DEAR ABBY: My husband is gentle, romantic, strong, kind and considerate. He's the "perfect 10." The problem is, I think he has an "afternoon delight."
He's home every night and tells me every day that he loves me. We have been married many years. We're young at heart, but not so young in years. I'm not asking for advice, because leaving him is not an option. The signs have been there, and I have proof. Our home life is good.
I just want to understand why this has been going on. Do some men need more than just marriage? -- FOR BETTER OR WORSE, TRENTON, N.J.

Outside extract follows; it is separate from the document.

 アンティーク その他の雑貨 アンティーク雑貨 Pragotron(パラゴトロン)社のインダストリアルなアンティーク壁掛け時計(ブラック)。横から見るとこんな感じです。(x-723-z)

DEAR BETTER OR WORSE: There is a name for men who need more than just marriage. They are called bachelors. Married men who stray are known as cheaters and adulterers. If your husband has someone on the side, then the surest way to find out why it's happening is to inform him the jig is up, explain that you have proof, and demand an explanation.

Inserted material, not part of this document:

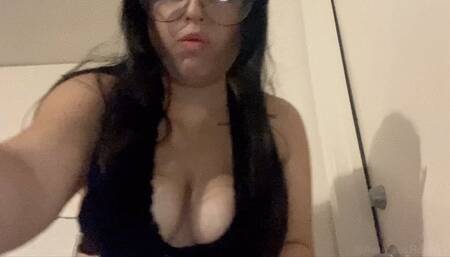 It feel like theres something in my throat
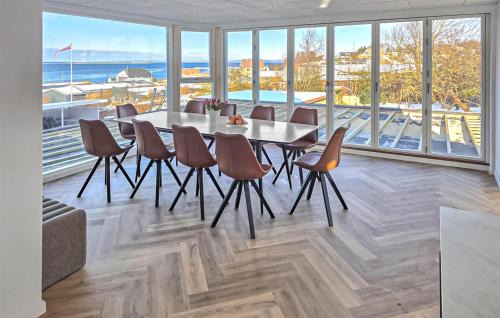 4 Bedroom Beautiful Home In Farsø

DEAR ABBY: It has been a long time since I've told a man I'm interested in him or that I really like him. What advice could you give me to keep me from feeling like an idiot and saying the wrong thing? He's a special guy and I don't want to screw this up. -- NERVOUS IN READING, PA.

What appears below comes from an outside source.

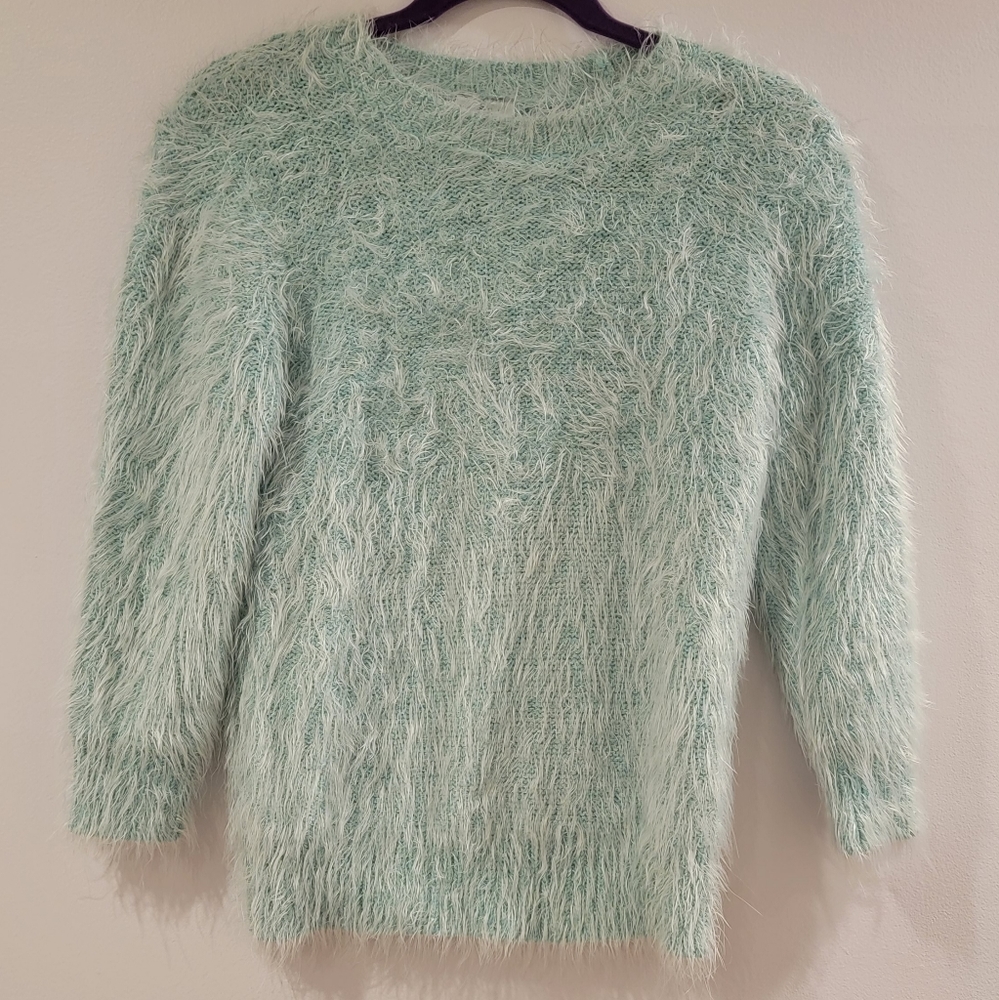 Forever 21 Exclusive Furry Warm crewneck Sweater Size S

DEAR NERVOUS: Do it gradually. Start out by describing the qualities he has that you find special -- his sense of humor, his intellect, his style of dress, his wonderful manners, how kindly he treats others. Another time, tell him how much you enjoy his company, and how comfortable you feel with him because of the things you have in common. Tell him he looks wonderful if he makes the extra effort.
Paying compliments will get your message across. Unless he walks around with his head in a bucket, he'll understand what you're trying to convey. Trust me.
DEAR ABBY: My husband and I recently found out that I am pregnant. We are, of course, very excited. We have decided to wait until I have completed my first trimester before telling family and friends.
We are friends with a couple who is having a difficult time getting pregnant, and we want to be sensitive to their feelings. We attend the same church and we plan on announcing our pregnancy in church. Do you think we should inform the couple privately? If so, what should we say? -- FRIENDS IN TEXAS
DEAR FRIENDS: The thoughtful thing to do would be to approach the couple shortly before you make the public announcement and tell them that you will be announcing the pregnancy in church -- but because you are so close, you thought they should know first.
DEAR ABBY: Three months ago, my boyfriend, "Doug," gave me a promise ring. I was proud and happy to show it to everyone. But Doug's parents, siblings and his three children don't know he has given me the ring.
It feels odd that he's keeping this milestone of our relationship a secret. He says it's because he's a private person and doesn't tell his family about his personal life. What do you think about this? -- SECRETLY PROMISED IN PORTLAND, MAINE
DEAR SECRETLY PROMISED: I think Doug may not yet be ready to settle down. Or, he may have strained relationships with his parents, siblings and three children.
Before this romance goes any further, you need to be very clear on exactly what Doug is "promising" because this scenario doesn't ring true from where I'm sitting.